1

I'm building a browser tool that samples a big file and shows some stats about it.

The program picks k random parts of a file, and processes each part of the file separately. Once each part is processed, an object is modified that keeps track of the rolling "stats" of the file (in the example below, I've simplified to incrementing a rolling counter).

The issue is that now every part is read in parallel, but I'd like it to be in series - so that the updates to the rolling counter are thread safe.

I think the next processFileChunk the for-loop is executing before the other finishes. How do I get this to be done serially?

I'm fairly new to Vue, and frontend in general. Is this a simple asynchronicity problem? How do I tell if something is asynchronous?

Edit: the parsing step uses the papaparse library (which I bet is the asynchronous part)

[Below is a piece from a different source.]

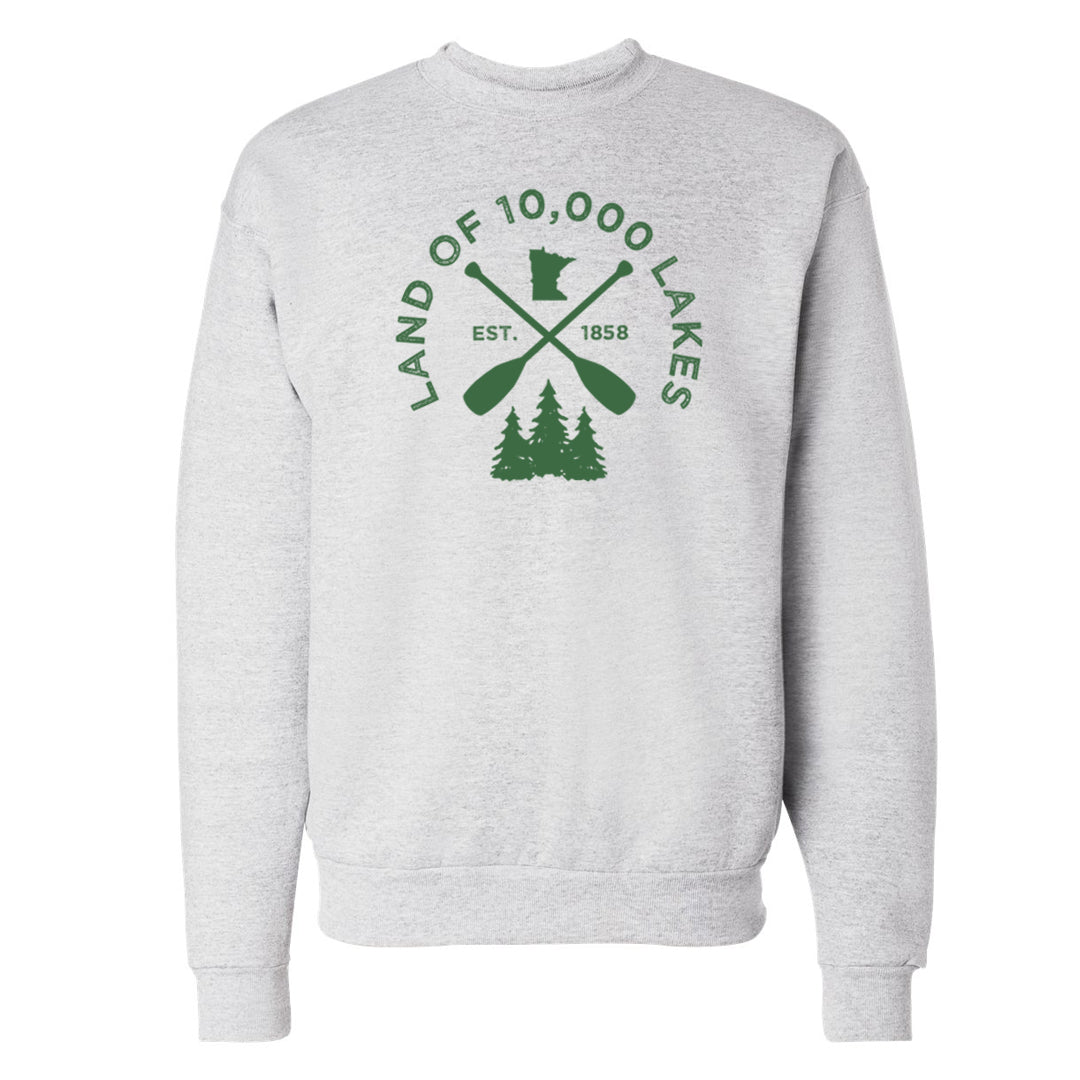 10K Lakes Crewneck (Ash)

import {parse} from 'papaparse'

export default {

  data() {
    counter: 0
  },

  methods() {
    streamAndSample(file) {
      var vm = this;

      const k = 10 // number of samples
      var pointers = PickRandomPointers(file)  // this is an array of integers, representing a random byte location of a file

      for (const k_th_random_pointer in pointers) {
        processFileChunk(file, k_th_random_pointer)
        }
    }

    processFileChunk(file, k_th_random_pointer){
      var vm = this;

      var reader = new FileReader();
      reader.readAsText(file.slice(k_th_random_pointer, k_th_random_pointer + 100000)) // read 100 KB
        reader.onload = function (oEvent) {
          var text = oEvent.target.result
          parse(text,{complete: function (res) {
              for (var i = 0; i < res.data.length; i++) {
                vm.counter = vm.counter + 1
            }}})
        }
      }
  } 
}

  • You should use promises, https://www.promisejs.org/patterns/#all. Another approach is for await (async,await). https://stackoverflow.com/questions/59694309/for-await-of-vs-promise-all – flakerimi Mar 23 '21 at 18:16

1 Answers1

0

"thread safe" JavaScript

JavaScript is single-threaded, so only one thread of execution is run at a time. Async operations are put into a master event queue, and each is run until completion one after another.

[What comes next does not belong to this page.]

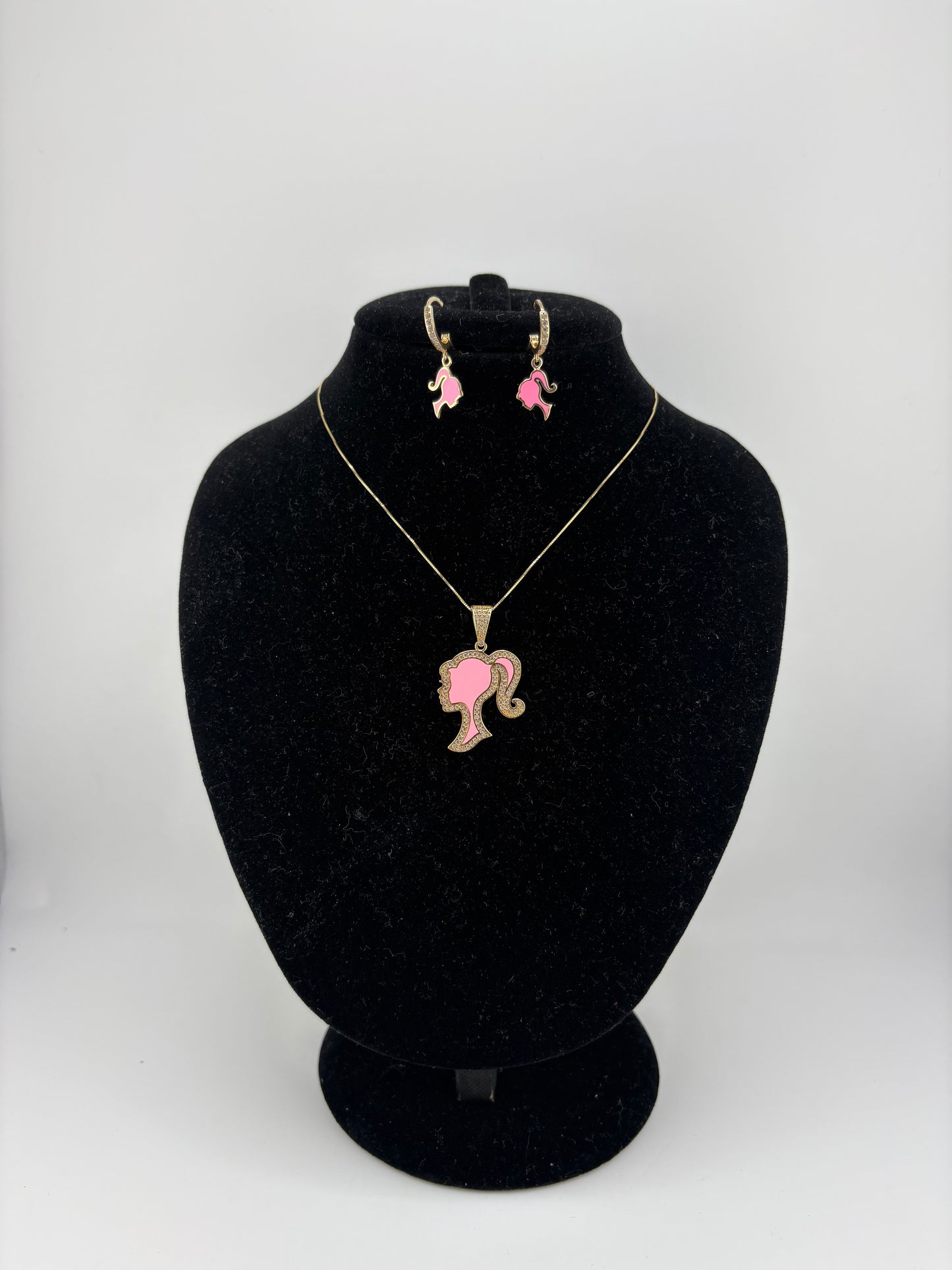 10K Necklace 18IN SET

Perhaps you meant "race condition", where the file size determines when it affects the counter rather than the read order. That is, a smaller file might be parsed earlier (and thus bump the counter) than a larger one that the parser initially saw first.

Awaiting each result

To await the parser completion of each file before moving onto the next, return a Promise from processFileChunk() that resolves the parsed data length:

export default {
  methods: {
    processFileChunk(file, k_th_random_pointer) {
      return new Promise((resolve, reject) => {
        const reader = new FileReader()
        reader.onload = oEvent => {
          const text = text = oEvent.target.result
          const result = parse(text)
          resolve(result.data.length)
        }
        reader.onerror = err => reject(err)
        reader.onabort = () => reject()

        reader.readAsText(file.slice(k_th_random_pointer, k_th_random_pointer + 100000)) // read 100 KB
      })
    }
  }
}

Then make streamAndSample() an async function in order to await the result of each processFileChunk() call (the result is the data length resolved in the Promise):

export default {
  methods: {
     
    async streamAndSample(file) {
      const k = 10
      const pointers = PickRandomPointers(file)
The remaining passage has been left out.